Desde hace días vengo preguntándome por aquello que nos puede mantener de pie en este tiempo de tanta desazón. Qué nos puede ayudar a mantener el pulso constante, a no ceder ante las ganas de bajarnos del mundo, como decía Mafalda. Y cada tanto aparece en mi mente, tímida, la palabra ternura. Dudo de ella. Ha sido tan despreciada, tan infantilizada, tan trivializada, que entiendo por qué le avergüenza asomar la cabeza. Yo misma la he asumido como debilidad y la he mandado al fondo del cajón, donde están las palabras que no quiero utilizar. No quiero ser mansa. En un mundo gobernado por la estupidez, no quiero permitirme ser ingenua.

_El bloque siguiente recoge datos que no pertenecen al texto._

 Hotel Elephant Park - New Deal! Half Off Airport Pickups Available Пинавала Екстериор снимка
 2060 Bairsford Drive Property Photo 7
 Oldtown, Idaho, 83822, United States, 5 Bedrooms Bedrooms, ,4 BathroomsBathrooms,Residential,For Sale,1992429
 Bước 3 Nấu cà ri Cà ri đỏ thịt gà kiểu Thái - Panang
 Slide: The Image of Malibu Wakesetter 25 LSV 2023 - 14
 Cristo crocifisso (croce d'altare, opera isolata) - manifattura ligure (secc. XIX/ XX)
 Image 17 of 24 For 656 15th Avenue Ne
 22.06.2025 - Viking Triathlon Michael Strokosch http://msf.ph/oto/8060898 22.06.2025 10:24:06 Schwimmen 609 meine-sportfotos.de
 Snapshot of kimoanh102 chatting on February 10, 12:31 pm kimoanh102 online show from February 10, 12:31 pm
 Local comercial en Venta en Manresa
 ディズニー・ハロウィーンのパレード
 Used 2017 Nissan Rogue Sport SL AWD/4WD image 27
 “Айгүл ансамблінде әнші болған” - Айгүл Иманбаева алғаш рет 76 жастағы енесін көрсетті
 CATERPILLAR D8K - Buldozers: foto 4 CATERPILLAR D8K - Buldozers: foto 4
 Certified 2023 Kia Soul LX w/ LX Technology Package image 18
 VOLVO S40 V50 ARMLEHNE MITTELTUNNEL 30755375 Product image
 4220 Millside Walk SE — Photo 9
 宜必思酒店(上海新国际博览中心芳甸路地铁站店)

Pero esta palabra ha levantado la mano varias veces y algo me dice que hay que recuperarla. Intento entender de qué se trata, de qué hablamos cuando hablamos de ternura. Porque estoy segura de que no son los videos de perritos en Instagram –que son lindos, sí, pero no son más que anestesia–, ni las palabras dichas en diminutivo, ni los ositos de peluche. Hemos asociado la ternura con la melosería, con lo algodonado, con lo inmaduro. Y creo que hemos sido injustos. La ternura tiene que ser más que eso.

En mi búsqueda por darle la oportunidad a esta palabra, voy al discurso que leyó la escritora polaca Olga Tokarczuk cuando recibió el Premio Nobel de Literatura. En él, explica la relación que encuentra entre la ternura y su oficio. “Cuando escribo, tengo que sentir todo dentro de mí. Tengo que dejar que todos los seres vivos y objetos que aparecen en el libro me atraviesen, todo lo humano y más allá de lo humano, todo lo vivo y lo inerte. Tengo que observar detenidamente cada cosa y persona, con la mayor solemnidad, y personificarlas en mi interior, personalizarlas.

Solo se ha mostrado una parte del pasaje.